- Born: 20 November 1953 Algiers, French Algeria
- Died: 23 July 2020 (aged 66)
- Education: HEC Paris
- Occupation: Sports Executive

= Éric de Cromières =

French sporting executive (1953–2020)

Éric de Cromières (20 November 1953 – 23 July 2020) was a French sporting executive and manager for Michelin.

==Biography==
Born in Algiers, de Cromières was the son of French Army Captain Bermondet de Cromières and Eliane de Vigneral. He moved to France at the age of 11. He discovered rugby while living in Dax, and played until the age of 24 for his university's team, HEC Paris. After he graduated, he joined the French Navy as an officer in Toulon.

After his military service, he began his long career working for Michelin, starting as a sales representative in Roanne. He then worked as a sales manager and general manager until he retired from the company on 31 March 2015 after having served on the executive committee since 2005.

In 2006, de Cromières became a member of the board of directors of ASM Clermont Auvergne. In 2012, René Fontès chose him to be his successor as Director of the rugby union club, and de Cromières began his term in 2013. The club became Top 14 champions in 2017.

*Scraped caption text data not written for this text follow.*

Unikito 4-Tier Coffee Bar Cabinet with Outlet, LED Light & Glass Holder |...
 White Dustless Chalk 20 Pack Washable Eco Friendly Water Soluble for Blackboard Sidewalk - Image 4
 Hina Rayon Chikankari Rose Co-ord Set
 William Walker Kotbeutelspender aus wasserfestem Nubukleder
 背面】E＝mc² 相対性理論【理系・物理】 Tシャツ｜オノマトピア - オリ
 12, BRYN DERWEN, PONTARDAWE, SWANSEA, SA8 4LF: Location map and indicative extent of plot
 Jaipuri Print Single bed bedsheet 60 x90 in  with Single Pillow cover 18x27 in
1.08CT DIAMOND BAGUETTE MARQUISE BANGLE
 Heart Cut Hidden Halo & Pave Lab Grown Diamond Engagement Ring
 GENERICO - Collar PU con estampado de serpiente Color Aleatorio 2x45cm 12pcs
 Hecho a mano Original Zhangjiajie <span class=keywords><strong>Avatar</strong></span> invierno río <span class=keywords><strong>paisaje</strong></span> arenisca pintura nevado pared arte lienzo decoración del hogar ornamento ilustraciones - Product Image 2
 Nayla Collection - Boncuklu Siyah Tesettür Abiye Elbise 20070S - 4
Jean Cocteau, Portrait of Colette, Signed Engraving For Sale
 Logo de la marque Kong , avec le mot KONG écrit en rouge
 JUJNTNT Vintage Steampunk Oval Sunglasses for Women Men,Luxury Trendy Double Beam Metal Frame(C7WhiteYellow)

In 2017, following the conflict between the National Rugby League and the French Rugby Federation, the League appointed de Cromières to the Commission for Reconciliation and Dialogue to help find a way out of the crisis. The five other club presidents that accompanied him on the Commission were Mourad Boudjellal, René Bouscatel, Vincent Merling, Pierre-Yves Revol, and Alain Tingaud. In June 2017, the two groups reached an agreement on player availability for international competition, the main issue between them at the time. De Cromières was part of a committee to help maintain the relations between the two set in place from 2018 to 2023. The committee also included Didier Lacroix, Alain Gaillard, and Emmanuel Eschalier.

Éric de Cromières died of cancer on 23 July 2020 at the age of 66.